コルネリアはいきりたつのと同時に、、腰に下げていた少しばかり特殊な形をした拳銃を取り出す。
それは、拳銃というよりも、どちらかと言えば長銃をそのまま切り取ったものらしい。
そんな事を考えていると、敵自らがその手の内を明かしてくれたのである。

「これは、猟銃を改良したものなんだ。これで、キミらの頭を撃ち抜くくらいは当たり前だとだけは言っておくか」

「全く飼い犬というのは直ぐにその牙を剥きたがって困るな。どうだ、試してみるか?そいつが私の胸を撃ち抜くのが早いか、それとも」

ルイーダはそう言って、手際よく鞘から剣を抜いて、その剣先をコルネリアの首元に突き付けていく。
その間に掛かった時間は瞬きをする暇もないほどの一瞬である。
コルネリアはそれを見て、思わず腰を抜かしてしまったらしい。

折角、拳銃の形へと改造した猟銃を地面の上に落とし、すっかりと怯えた表情を浮かべていく。
それに苛立ったのか、乱暴に机を蹴り上げるクレメンティーネ。
コルネリアを掴み上げると、彼女の耳元でハッキリと「役立たずめ」と口にし、そのまま彼女を檀の上に放り投げる。

「ほぅ、本性を表したな」

ルイーダが感心したように言う。

「黙れ、お前たちのせいで、私の学園は滅茶苦茶よ。百万回切り刻んでも飽き足らないけれど、その損害賠償はひとまず、あなたの体で償わせてもらいましょうか。あなたの体を切れば、お洒落な服が作れるでしょうね」

クレメンティーネは腰に下げていた赤色の回転式の拳銃を突き付けながら言った。銃倉に薔薇の紋章が刻まれているため、どうやら、この拳銃は観賞用も兼ねているらしい。
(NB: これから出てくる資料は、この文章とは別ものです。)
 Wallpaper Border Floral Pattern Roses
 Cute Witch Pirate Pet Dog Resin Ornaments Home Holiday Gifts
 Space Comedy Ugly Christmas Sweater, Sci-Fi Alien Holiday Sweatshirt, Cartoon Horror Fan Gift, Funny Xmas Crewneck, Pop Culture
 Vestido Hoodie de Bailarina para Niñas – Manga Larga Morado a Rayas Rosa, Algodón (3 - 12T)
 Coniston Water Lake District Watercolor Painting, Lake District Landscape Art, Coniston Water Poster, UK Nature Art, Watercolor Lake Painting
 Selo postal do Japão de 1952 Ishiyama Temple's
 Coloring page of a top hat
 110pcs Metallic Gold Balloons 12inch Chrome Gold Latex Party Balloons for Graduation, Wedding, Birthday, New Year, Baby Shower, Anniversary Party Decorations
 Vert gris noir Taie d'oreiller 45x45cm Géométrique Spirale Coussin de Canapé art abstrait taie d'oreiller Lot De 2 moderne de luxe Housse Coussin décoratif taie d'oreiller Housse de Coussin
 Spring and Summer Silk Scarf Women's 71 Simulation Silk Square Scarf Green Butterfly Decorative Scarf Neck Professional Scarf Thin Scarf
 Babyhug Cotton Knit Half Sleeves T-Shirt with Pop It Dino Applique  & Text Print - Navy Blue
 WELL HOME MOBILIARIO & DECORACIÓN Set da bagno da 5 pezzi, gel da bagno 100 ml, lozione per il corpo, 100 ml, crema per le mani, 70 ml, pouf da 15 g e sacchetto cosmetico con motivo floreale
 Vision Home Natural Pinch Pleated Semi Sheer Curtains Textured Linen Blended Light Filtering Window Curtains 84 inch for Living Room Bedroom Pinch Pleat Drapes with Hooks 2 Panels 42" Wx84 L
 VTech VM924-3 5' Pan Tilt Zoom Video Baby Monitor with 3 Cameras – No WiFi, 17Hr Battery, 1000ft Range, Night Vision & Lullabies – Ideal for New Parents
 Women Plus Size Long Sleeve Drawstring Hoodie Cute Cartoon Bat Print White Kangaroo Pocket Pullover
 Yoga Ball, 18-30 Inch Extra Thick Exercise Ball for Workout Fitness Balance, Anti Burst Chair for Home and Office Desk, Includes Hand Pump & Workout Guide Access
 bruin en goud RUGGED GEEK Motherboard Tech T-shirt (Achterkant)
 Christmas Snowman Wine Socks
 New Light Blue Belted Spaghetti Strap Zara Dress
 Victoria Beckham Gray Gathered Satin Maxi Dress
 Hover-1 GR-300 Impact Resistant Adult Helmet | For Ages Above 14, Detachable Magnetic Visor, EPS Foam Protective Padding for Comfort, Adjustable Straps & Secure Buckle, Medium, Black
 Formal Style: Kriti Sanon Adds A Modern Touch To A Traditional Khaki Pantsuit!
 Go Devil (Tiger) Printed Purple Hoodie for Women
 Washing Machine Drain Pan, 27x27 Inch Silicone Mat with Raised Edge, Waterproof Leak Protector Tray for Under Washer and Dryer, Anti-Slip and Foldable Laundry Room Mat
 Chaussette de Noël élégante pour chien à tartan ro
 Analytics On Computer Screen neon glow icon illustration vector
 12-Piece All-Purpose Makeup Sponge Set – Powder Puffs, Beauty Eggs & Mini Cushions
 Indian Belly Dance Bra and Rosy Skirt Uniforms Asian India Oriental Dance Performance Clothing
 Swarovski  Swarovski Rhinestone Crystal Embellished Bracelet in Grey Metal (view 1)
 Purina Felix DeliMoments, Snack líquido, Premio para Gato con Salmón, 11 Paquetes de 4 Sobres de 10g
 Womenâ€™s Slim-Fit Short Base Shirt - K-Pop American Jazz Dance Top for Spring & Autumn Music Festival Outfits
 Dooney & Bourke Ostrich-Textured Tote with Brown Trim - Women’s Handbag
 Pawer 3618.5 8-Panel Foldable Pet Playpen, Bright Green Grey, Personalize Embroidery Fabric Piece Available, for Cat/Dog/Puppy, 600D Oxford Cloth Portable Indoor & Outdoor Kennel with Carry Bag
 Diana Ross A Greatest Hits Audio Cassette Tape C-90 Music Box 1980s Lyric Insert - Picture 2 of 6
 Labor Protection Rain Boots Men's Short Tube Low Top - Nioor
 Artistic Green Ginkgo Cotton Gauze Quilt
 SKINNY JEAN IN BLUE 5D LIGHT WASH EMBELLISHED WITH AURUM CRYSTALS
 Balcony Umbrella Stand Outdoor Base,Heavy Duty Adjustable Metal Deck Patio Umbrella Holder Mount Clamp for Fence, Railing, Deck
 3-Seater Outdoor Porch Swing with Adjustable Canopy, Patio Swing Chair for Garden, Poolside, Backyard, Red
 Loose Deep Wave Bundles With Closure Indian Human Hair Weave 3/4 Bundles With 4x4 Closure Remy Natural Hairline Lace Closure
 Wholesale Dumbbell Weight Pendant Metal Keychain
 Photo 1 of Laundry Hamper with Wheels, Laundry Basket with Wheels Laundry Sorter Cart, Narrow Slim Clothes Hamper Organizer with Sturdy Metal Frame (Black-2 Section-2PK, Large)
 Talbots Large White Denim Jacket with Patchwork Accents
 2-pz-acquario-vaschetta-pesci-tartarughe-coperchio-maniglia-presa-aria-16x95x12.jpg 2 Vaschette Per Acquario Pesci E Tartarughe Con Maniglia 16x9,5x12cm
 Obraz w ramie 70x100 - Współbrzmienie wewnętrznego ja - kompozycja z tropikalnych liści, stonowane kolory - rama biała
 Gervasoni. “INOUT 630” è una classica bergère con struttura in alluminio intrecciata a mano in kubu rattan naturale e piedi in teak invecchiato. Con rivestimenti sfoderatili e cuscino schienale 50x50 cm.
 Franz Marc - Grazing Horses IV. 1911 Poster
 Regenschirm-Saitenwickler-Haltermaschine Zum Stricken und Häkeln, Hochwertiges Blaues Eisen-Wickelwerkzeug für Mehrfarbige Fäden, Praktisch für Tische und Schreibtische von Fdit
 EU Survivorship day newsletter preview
「この拳銃で死ぬ準備はできたかしら?嫌ならば、私を馬鹿にした事を取り消すのならば、許してあげてもいいけれど」

「冗談であろう?貴様の考えになど、同調してたまるものか」

ルイーダはそう言うのと同時に鋭く光る剣先を突き付けながら、反抗の意思を示す。
クレメンティーネもそれに負けじと、観賞用兼実戦用の拳銃の銃口を突き付ける。
彼女の銃口から生じる光が闇の光であると表現するのならば、ルイーダの剣の先から生じる光はまさしく聖なる白い光と体現するべき、光であろう。

二つの対照的とも言える光が檀の上で光り輝くのをコルネリアは地面の上で眺めていた。
両者が互いに睨み合いを続ける中で、先に動いたのはクレメンティーネの方である。
彼女は引き金を引いて、自身の魔法を絡ませた特殊な弾丸を発射していく。

それは強力な毒液に塗れた怪しげな紫色をした弾丸。
当たれば、彼女は即死であっただろう。
だが、彼女は高速魔法を利用して、その弾丸をくぐり抜けて、クレメンティーネの懐へと潜り込む。
このまま腹を殴り、彼女の意識を奪い、戦闘不能へと追い込もうとしたのだが、その時に彼女の目が大きく見開かれた。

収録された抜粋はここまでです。